Nvidia unveils next-gen chip to power larger AI models
The new chip configuration is specifically designed to speed up GenAI applications.
Nvidia has announced the H200, an upgrade to its flagship AI chip, set to surpass the current top H100 chip. The main upgrade is an expansion in high-bandwidth memory, which determines how much data it can process quickly and is one of the most costly parts of the chip. The H200 has 141 gigabytes of high-bandwidth memory, up from 80 gigabytes in the previous H100 model. An increased memory means the AI model remains on a single Graphics Processing Unit (GPU), eliminating the need for multiple GPUs to run the model. This results in improved performance and the ability to power larger AI models.
The upgrade will allow AI chatbots to respond faster to queries. The H200 chip is expected to ship in the second quarter of 2024, with Amazon, Google, and Oracle among the early adopters for their cloud services.
Why does it matter?
A dominant player in the market for AI chips, Nvidia powers many generative AI (GenAI) systems, including OpenAI’s ChatGPT services. The new chip configuration is specifically designed to speed up GenAI applications. The company’s new AI chip is expected to further strengthen its global position, despite intense competition from companies like AMD. Nvidia has not yet revealed its suppliers for the memory on the new chip. However, the company sources memory from Korea’s SK Hynix, and Micron has already stated that it is working to become an Nvidia supplier.

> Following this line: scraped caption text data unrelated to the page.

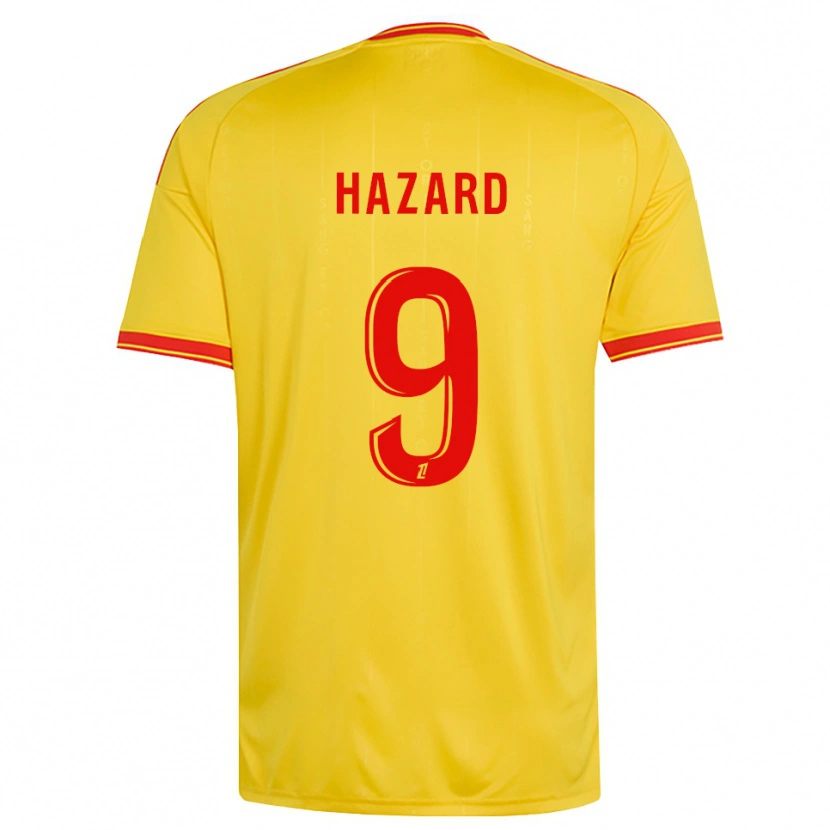 Danxen Mænd Thorgan Hazard #9 Guld Orange Rød Hjemmebane Spillertrøjer 2026/27 Trøje T-Shirt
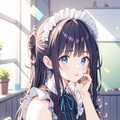 メイク中(メイド喫茶) 3枚目
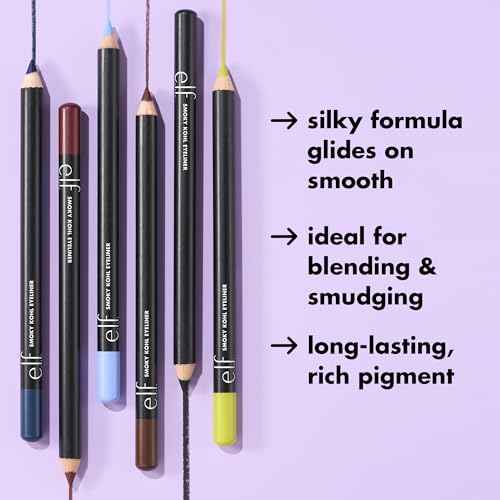 e.l.f. Smoky Kohl Eyeliner, Eye Pencil For Creating Long-Lasting, Bold, High-Pigmented Makeup Looks, Vegan & Cruelty-Free, Black Velvet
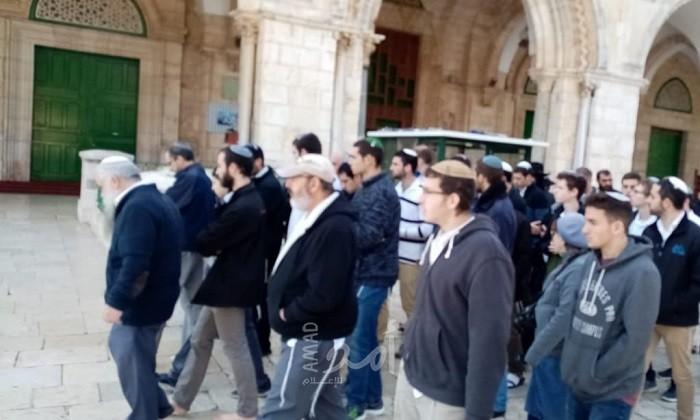 القدس: عشرات المستوطنين يقتحمون المسجد الأقصى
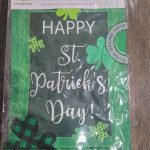 Garden Flag St Patricks Shamrocks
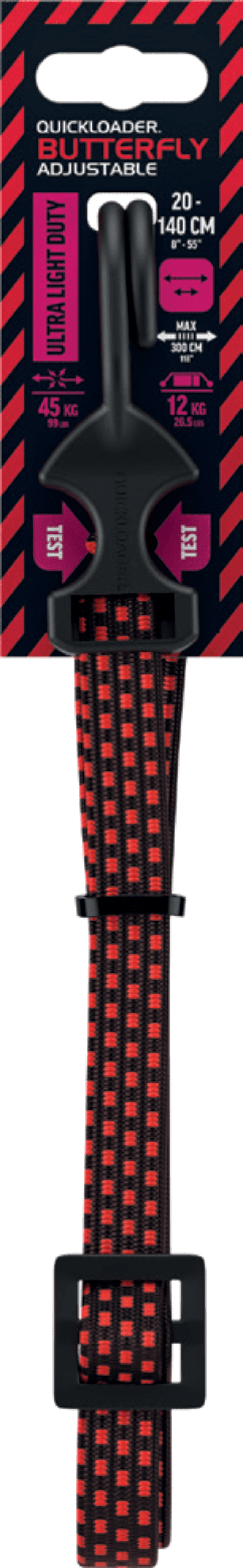 Quickloader QL Bungees and Strap Butterfly Bungee Flat Adjustable 45 Kg 140 Cm X 18 Mm
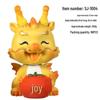 New Year Dragon Shaking Head Figurine - Cute Cartoon Dragon Desktop Decor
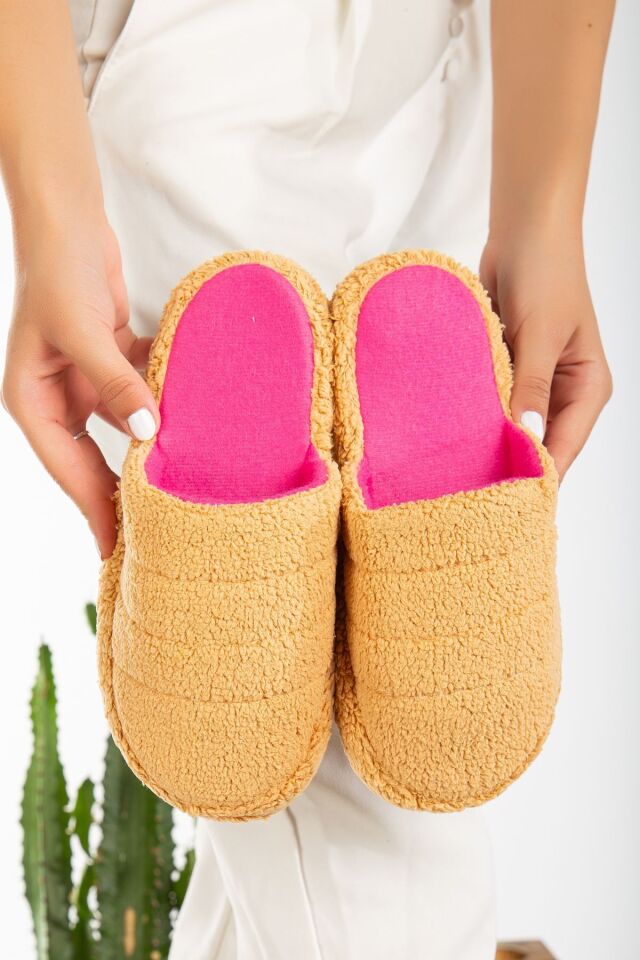 2' Li Paket Önü Kapalı Terlik Ev Terliği Çeyiz Bohça Seti İKİLİ ARİZONA - 39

The announcement comes in the wake of an intensifying tech rivalry between Beijing and Washington, including in the field of semiconductors and the most advanced chip manufacturing devices.
Despite strict US export control, Chinese giant Huawei surprised analysts by unveiling a new smartphone powered by an AI-level chip produced locally by Semiconductor Manufacturing International Corporation (SMIC). This week, Yangtze Memory Technologies Co. (YMTC), China’s leading memory maker, filed a US lawsuit against Micron for alleged patent infringement.